As cruise ships dump waste, contaminate, pollute and despoil land and sea, politicians’ denials of the same and lack of regulation to combat the real problems are stumbling blocks to success.   These dynamics create the violence that threatens the national fabric because most young men from the underclass have nothing to lose, as Lavar Munroe’s work sometimes highlights yet the mechanisms of control, dogs, guns, laws, language all work to dehumanise, while the state says don’t question, just accept.  The tragedy continues to unfold, yet we are numb to the pain. 

Sadly, when we cannot see ourselves in our landscape it is hard to even have a double consciousness, a bifurcated self-identity.
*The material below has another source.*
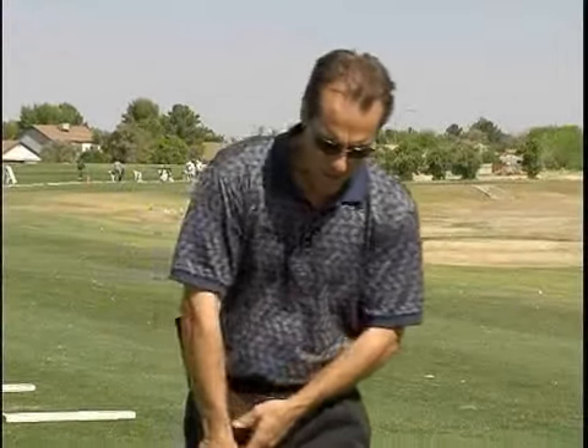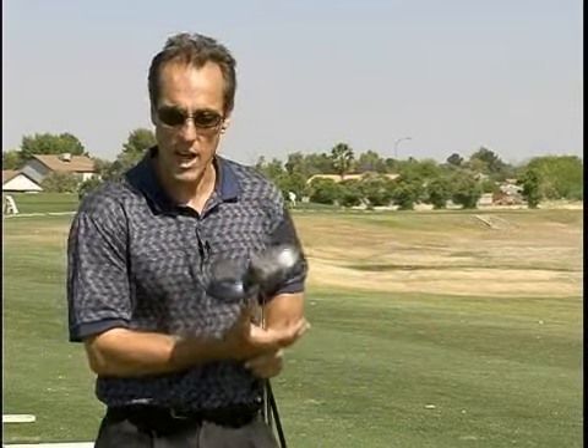The driver is the club that causes a lot of people a lot of trouble. It's the most powerful club in your bag. The problem most players have trying to hit the driver straight is they think they're going to kill the ball — they try to hit it as hard as possible instead of focusing on distance. When you try to kill it, your muscles tense and you're going to slice it, hook it, top it, or duff it.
Discursive coloniality is rife and loaded with structural violence. We look forward to the Small Axe’s Project on The Visual Life Of Social Affliction, opening at the NAGB later this month. The Small Axe Project is an integrated publication undertaking devoted to Caribbean intellectual and artistic work, exercised over four platforms—Small Axe; sx salon, sx visualities, and sx archipelagos—each with a different structure, medium, and practice founded in 1997 and edited by Dr. David Scott.

Does the new riviera steer at us or through us? Are we made to see our likeness in these beautifully coiffed, plasticated models of a certain kind of style and beauty, distant from and often in contestation to Black beauty, or so the image tells us because, as Gilroy notes “there ain’t no black in the Union Jack” now replace riviera, paradise tropics and we see a new-old picture?